**WHAT TO DO**
Images aside, the whole listing should be written out word for word.

**EXTRACTED INFORMATION**
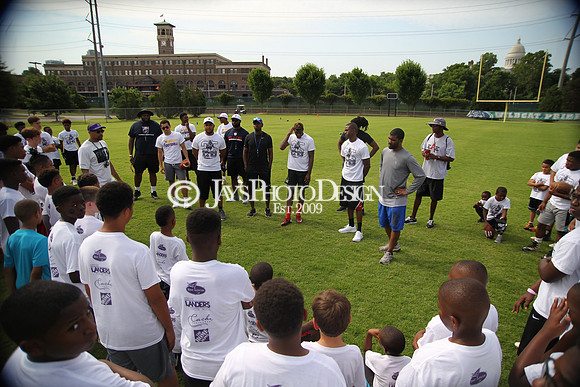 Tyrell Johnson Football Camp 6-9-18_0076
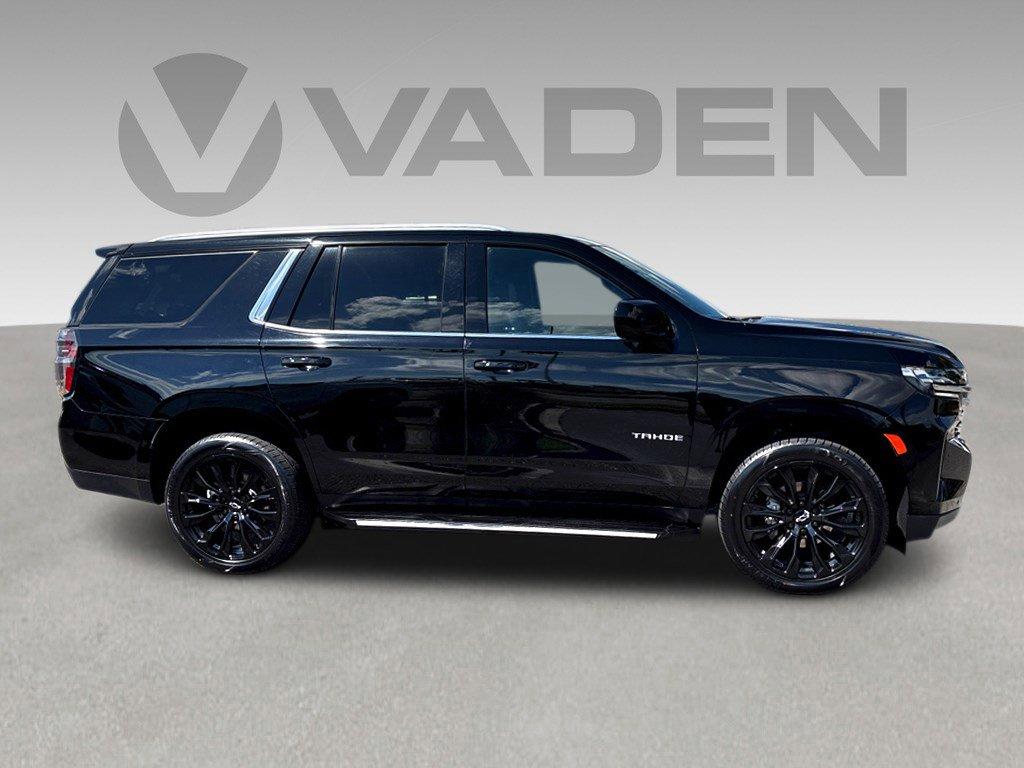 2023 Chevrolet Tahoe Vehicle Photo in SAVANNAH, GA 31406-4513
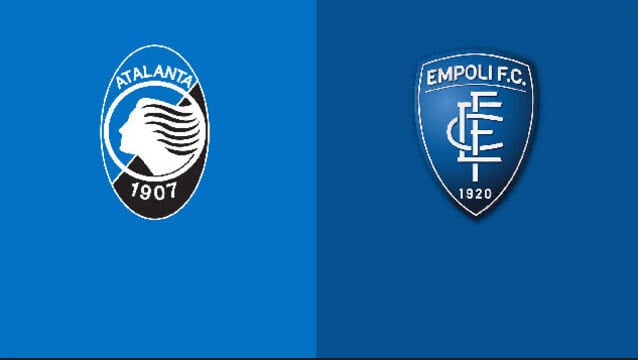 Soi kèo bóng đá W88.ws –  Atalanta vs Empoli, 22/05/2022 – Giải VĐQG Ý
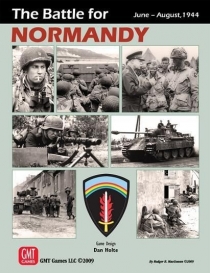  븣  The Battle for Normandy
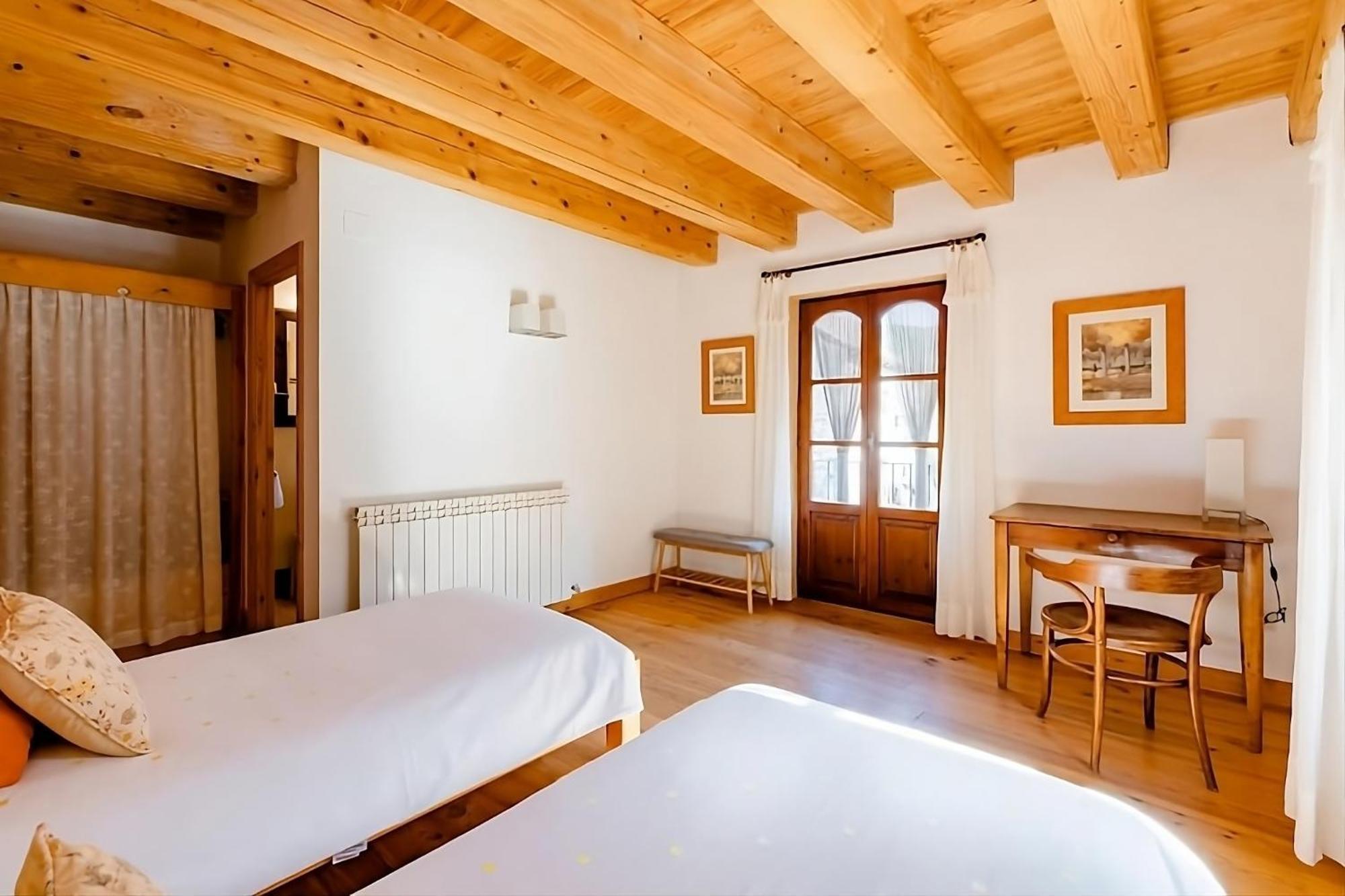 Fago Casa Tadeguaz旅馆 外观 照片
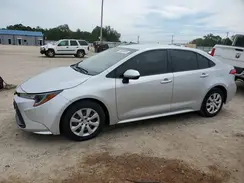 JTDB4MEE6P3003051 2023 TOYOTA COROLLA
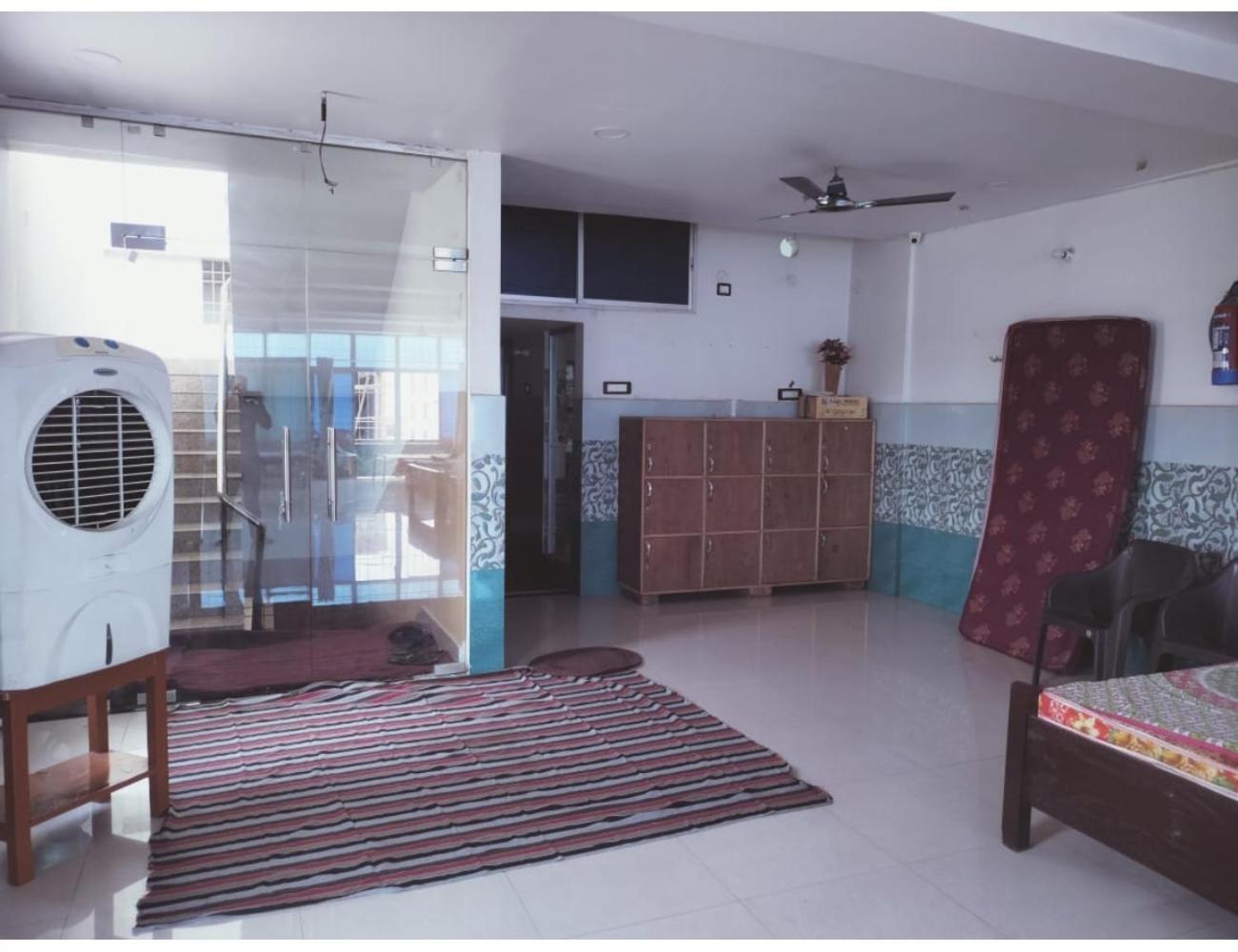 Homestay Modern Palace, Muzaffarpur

**RESULT OF THIS EXERCISE**
 Tyrell Johnson Football Camp 6-9-18_0076
 2023 Chevrolet Tahoe Vehicle Photo in SAVANNAH, GA 31406-4513
 Soi kèo bóng đá W88.ws –  Atalanta vs Empoli, 22/05/2022 – Giải VĐQG Ý
  븣  The Battle for Normandy
 Fago Casa Tadeguaz旅馆 外观 照片
 JTDB4MEE6P3003051 2023 TOYOTA COROLLA
 Homestay Modern Palace, Muzaffarpur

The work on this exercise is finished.